**Your task**
Leave the pictures out, and transcribe the material below exactly from the line with "Begagnade Vattenpump Mercedes" to the line with "2 Oarsman Place, Douglas QLD 4814", both lines included.

**Information provided**
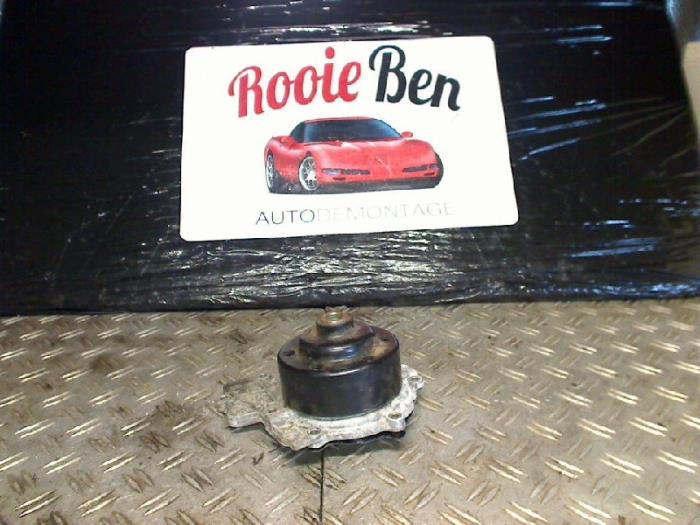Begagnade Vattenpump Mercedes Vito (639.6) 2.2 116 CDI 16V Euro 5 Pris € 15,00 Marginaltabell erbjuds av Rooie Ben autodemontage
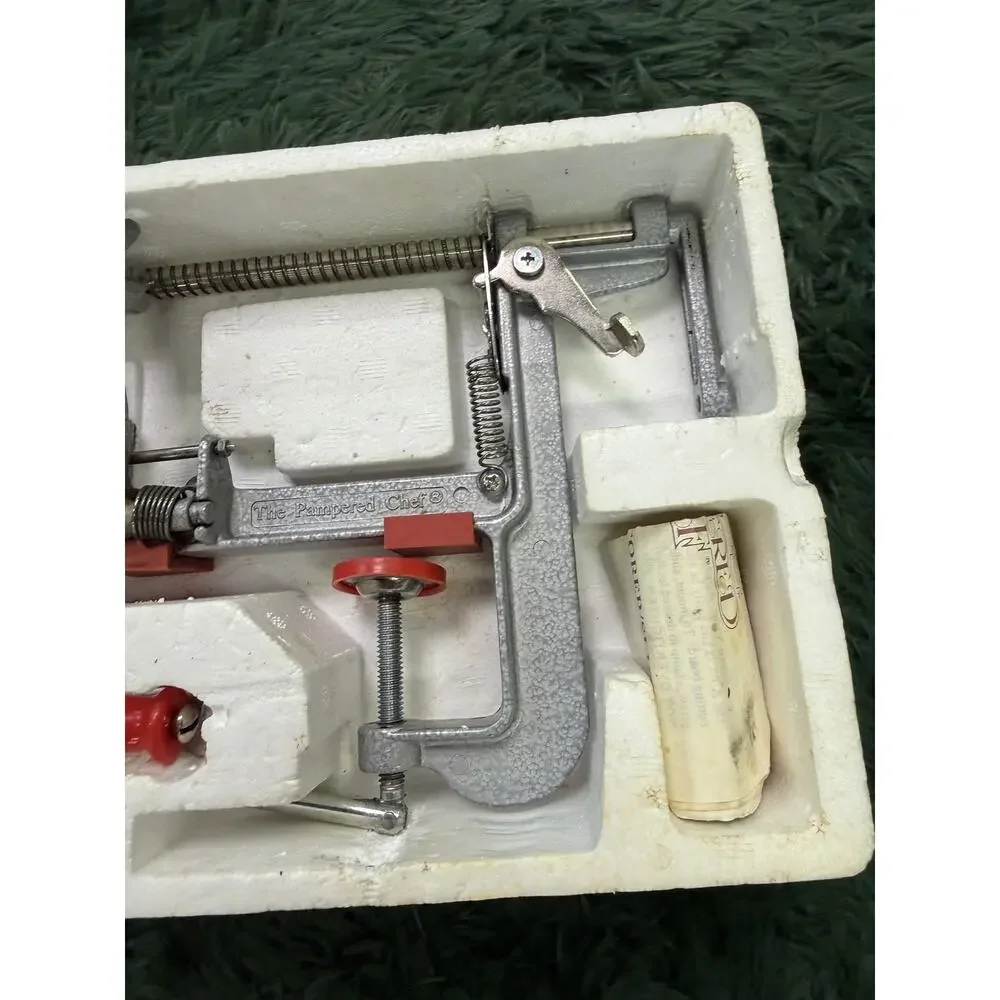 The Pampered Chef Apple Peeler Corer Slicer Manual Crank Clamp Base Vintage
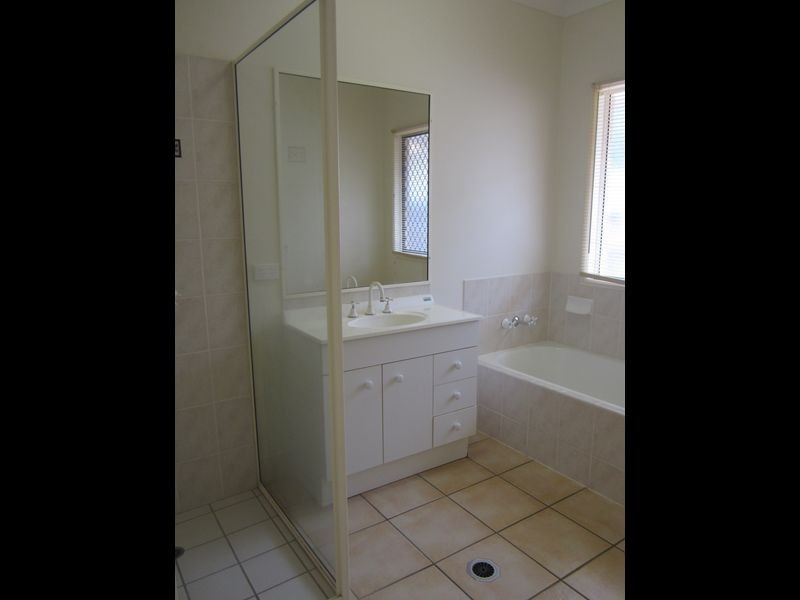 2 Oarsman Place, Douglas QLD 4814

==

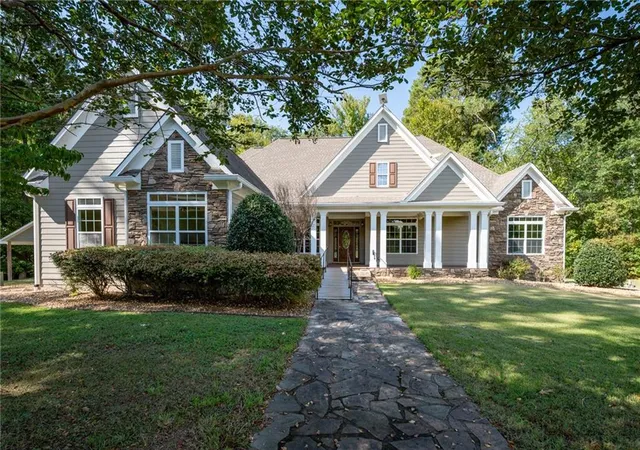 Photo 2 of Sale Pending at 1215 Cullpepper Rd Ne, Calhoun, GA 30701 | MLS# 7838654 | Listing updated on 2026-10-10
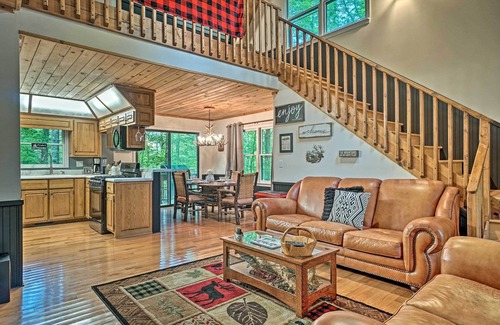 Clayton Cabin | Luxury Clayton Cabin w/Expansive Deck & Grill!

**Response**
Begagnade Vattenpump Mercedes Vito (639.6) 2.2 116 CDI 16V Euro 5 Pris € 15,00 Marginaltabell erbjuds av Rooie Ben autodemontage
 The Pampered Chef Apple Peeler Corer Slicer Manual Crank Clamp Base Vintage
 2 Oarsman Place, Douglas QLD 4814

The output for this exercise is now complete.